Iain Paterson in the title role is a domineering, swaggering presence, who conveys the nihilism inherent in Norris’ concept with panache and total commitment. A suave singer capable of switching effortlessly between honeyed legato and raucous bravado, his Giovanni is a tour de force. Although a little more vocal heft in the final confrontation with the Commendatore would not have gone amiss, this was as close to a faultless performance as it gets. He is aided and abetted by the fruity-voiced Darren Jeffrey as his put-upon manservant. Jeffrey offers a conventionally sleazy Leporello. However, in keeping with the mores of the time, he aspires to join the ranks of the paparazzi, and we first see him snapping away during his master’s assault on Donna Anna. The reason becomes apparent later during the Catalogue Aria when, in the evening’s funniest moment, he opens his bag and brings out not a book, but a slide projector. The aria is then sung to the accompaniment of a Powerpoint presentation of the statistics relating to Don Giovanni’s conquests, together with a selection of the photographs taken by Leporello of the women concerned.
Katherine Broderick has a bright and substantial soprano with a hint of steel in it. However, Donna Anna has to negotiate some demanding music, and Ms. Broderick, at times, sounded a little over-parted. By the end of “Or sai chi l’onore” she seemed to be flagging audibly, and the coloratura of “Non mi dir” was on the unwieldy side, with some high notes launched more with optimism than expectation. Nevertheless, it is an impressive sound, and these problems will hopefully improve as the run of performances unfolds.
Sarah Redgwick is a very fine Donna Elvira indeed. Not shy of going mano a mano with the Don when it comes to physical violence, she is far more of a handful for him than usual. Vocally outstanding, Ms. Redgwick was as at home in the faux-Handelian fire of “Ah, fuggi il traditor” as in the pathos of “Mi tradì”. She has a good sized lyric soprano, even from top to bottom, that responds easily to everything she asks of it. She is also an excellent comic actress.

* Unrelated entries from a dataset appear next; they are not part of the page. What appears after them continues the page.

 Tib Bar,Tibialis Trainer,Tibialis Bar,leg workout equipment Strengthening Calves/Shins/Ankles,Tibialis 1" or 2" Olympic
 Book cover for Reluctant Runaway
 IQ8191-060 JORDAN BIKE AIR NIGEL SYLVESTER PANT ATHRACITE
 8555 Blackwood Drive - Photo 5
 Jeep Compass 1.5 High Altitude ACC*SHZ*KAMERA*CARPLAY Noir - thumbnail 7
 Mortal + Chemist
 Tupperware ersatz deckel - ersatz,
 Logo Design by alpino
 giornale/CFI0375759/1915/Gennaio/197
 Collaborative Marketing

John Molloy is a solid Masetto with more voice than one often hears in this role. It is not difficult to imagine him as a future Giovanni. He is partnered by Sarah Tynan as a sexy and sparky Zerlina. Ms. Tynan showed once again what a delightfully watchable performer she is. Her two arias were ravishingly sung.

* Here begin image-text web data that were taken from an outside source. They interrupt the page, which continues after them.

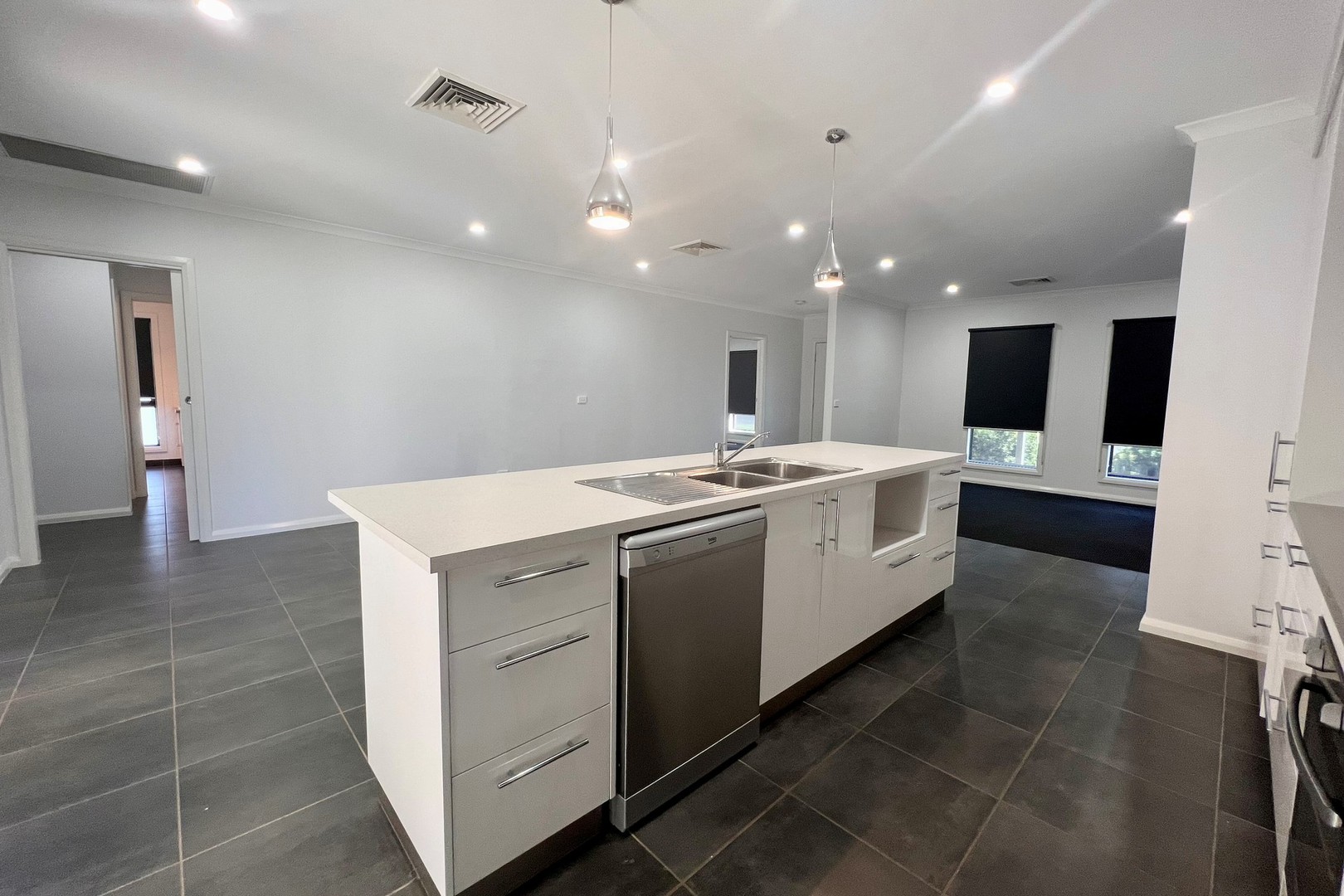 13 Delta Court, Mildura, VIC 3500, Mildura - Thumbnail 7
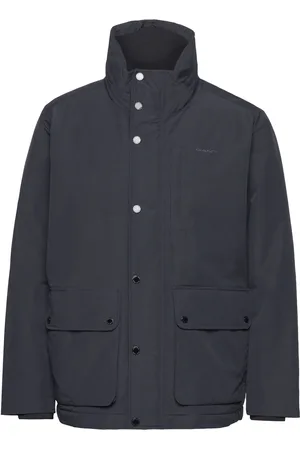 GANT Mist Jacket
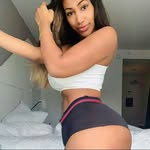 Nora Bruce - @norabruce39 - Instagram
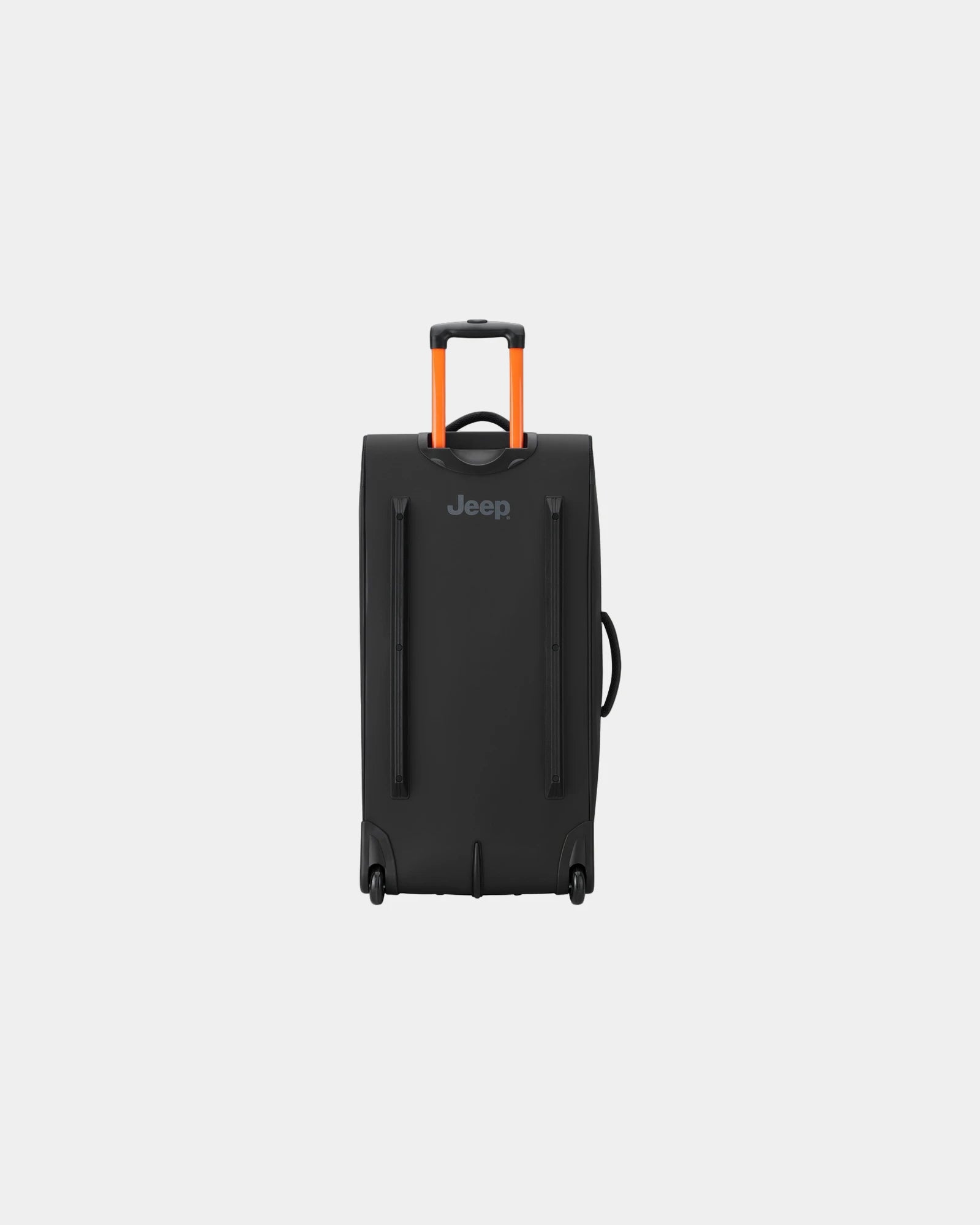 Reistas trolley gerecycled polyester om te personaliseren - 3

It is very easy for Don Ottavio to come across as a henpecked wimp, probably because that is exactly what he is. Nevertheless, despite being undermined by the aforementioned removal of his footwear at a moment when a more macho gesture might have been expected, Ben Johnson manages to mine a heroic quality from the character. His voice appears to be getting bigger, and there was plenty of vibrant tone on display. Yet it was the refinement of his melting “Dalla sua pace” that made depriving him of his Act II aria seem all the more egregious.
As the Commendatore, Matthew Best, notwithstanding the black bin liner, was a dignified and imposing corpse. There was something especially horrific about the way in which he died sitting upright on a bench. He stalked Giovanni like Banquo’s ghost and unleashed some truly terrifying sounds as he gatecrashed his victim’s final meal.
Far from disliking this Don Giovanni, I found it highly compelling, both dramatically and musically. It is undeniably challenging, but I see no reason for the offence that it appears to have caused to some last time it was seen. I understand that some of the more controversial elements of the original production have been either toned down or removed entirely for this revival. I’ve an awful feeling that I’d have liked it even more had they been left as they were.